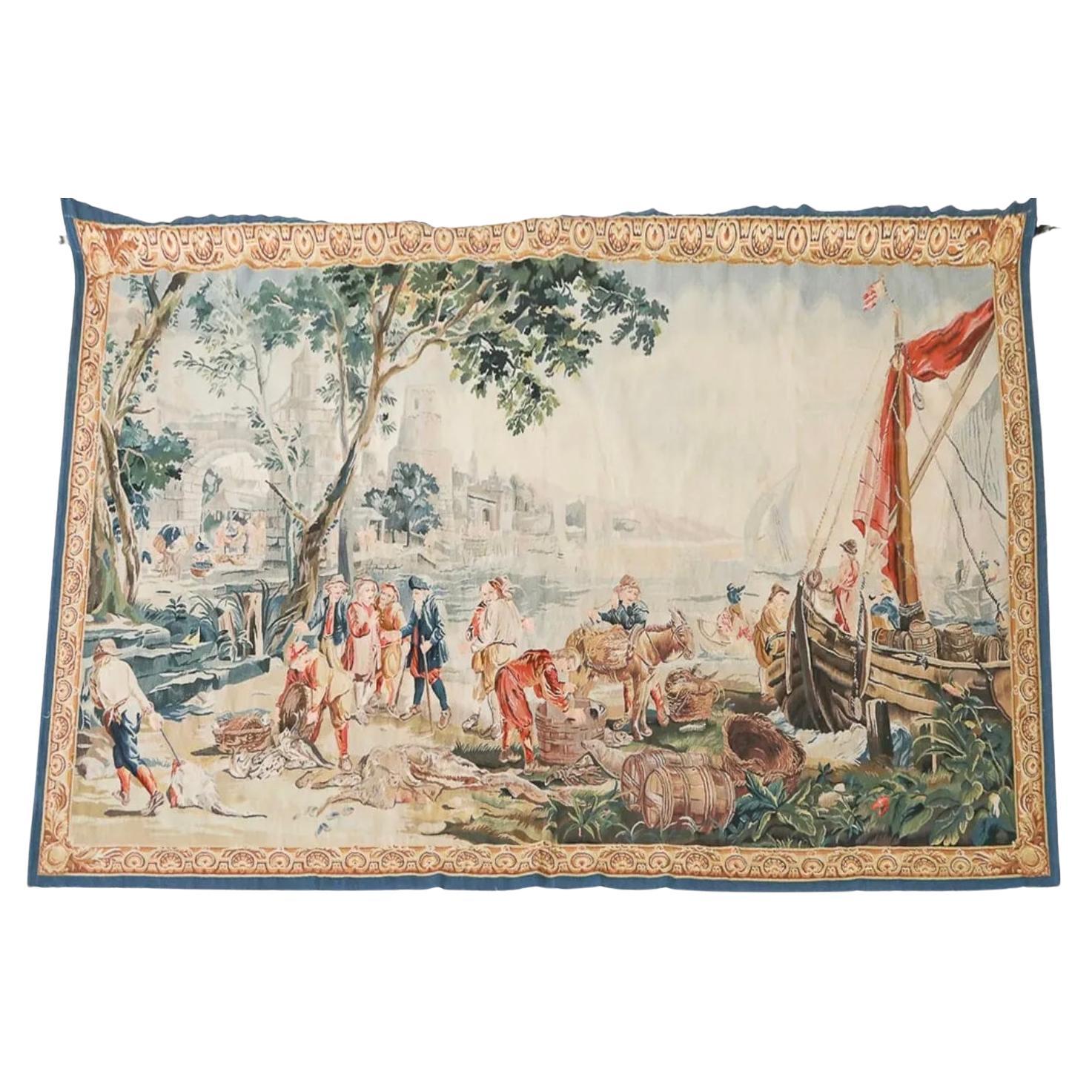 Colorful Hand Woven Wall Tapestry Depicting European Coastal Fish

==

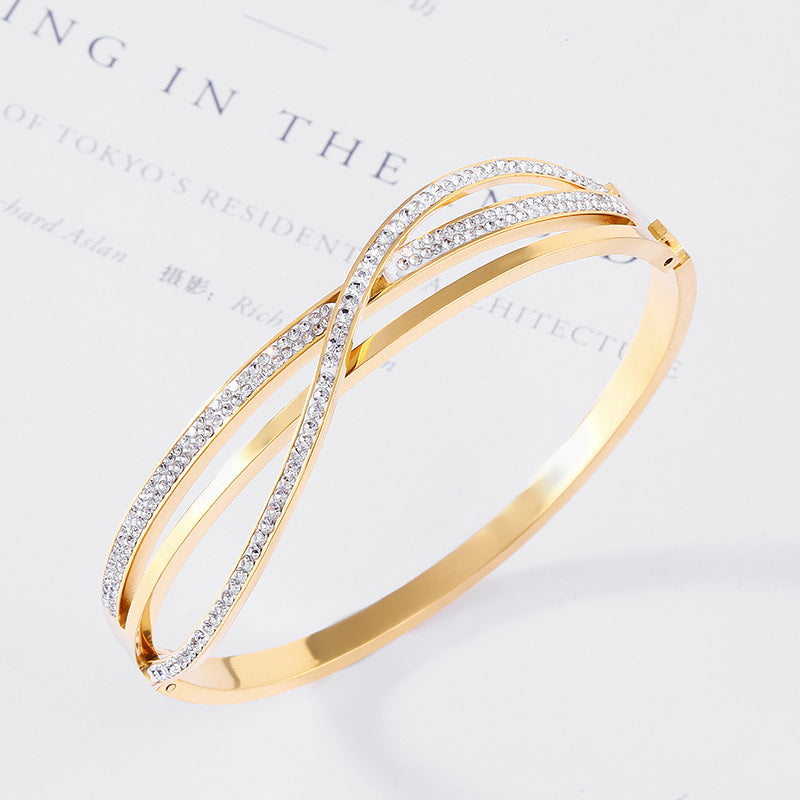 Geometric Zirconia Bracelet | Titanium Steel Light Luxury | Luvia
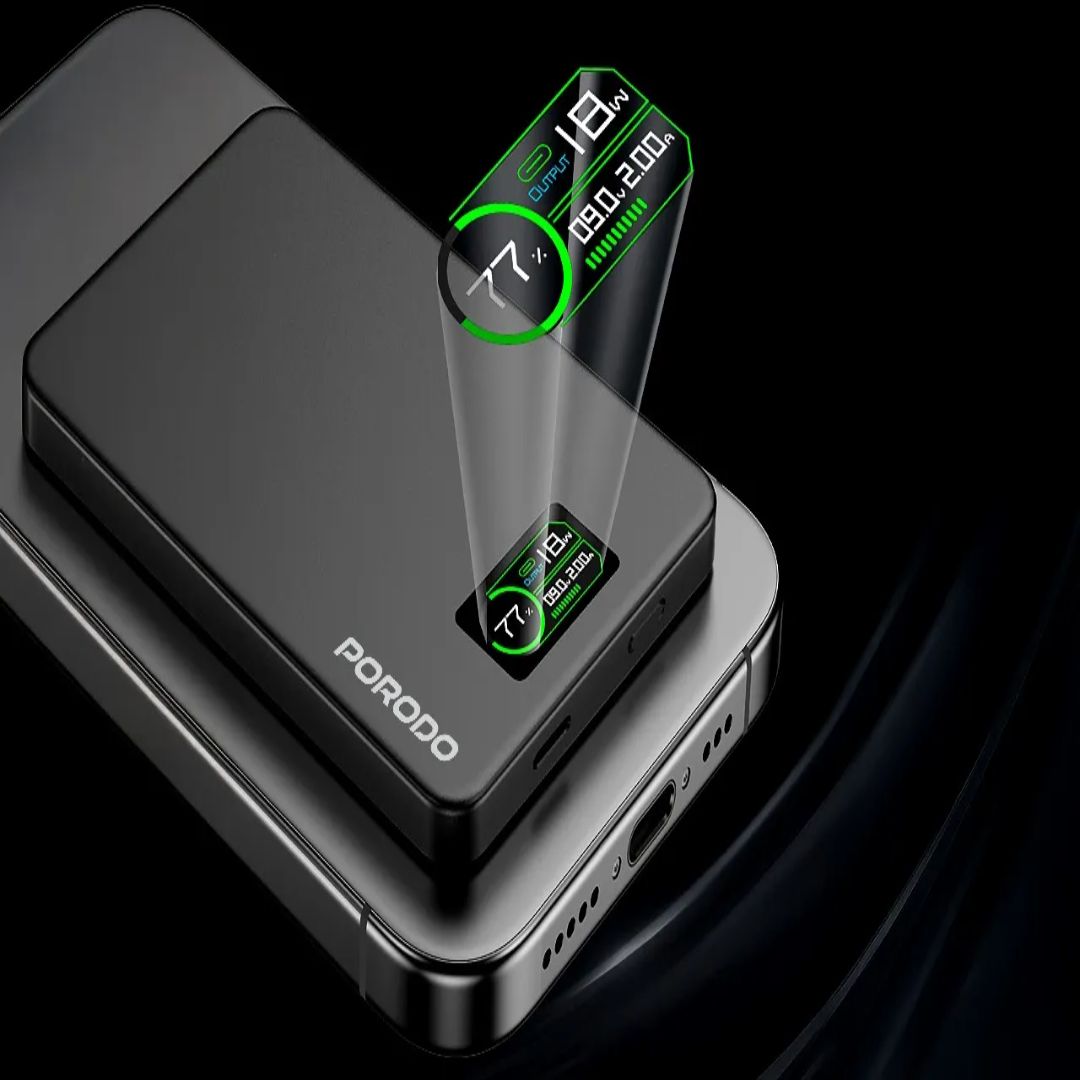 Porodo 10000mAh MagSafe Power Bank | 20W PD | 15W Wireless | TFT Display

§ **Problem details**
Would you please repeat only the lines above, beginning at the one that has "Geometric Zirconia Bracelet" and stopping after the one that has "Porodo 10000mAh MagSafe", exactly and with no pictures?

§ **Task answer**
 Geometric Zirconia Bracelet | Titanium Steel Light Luxury | Luvia
 Porodo 10000mAh MagSafe Power Bank | 20W PD | 15W Wireless | TFT Display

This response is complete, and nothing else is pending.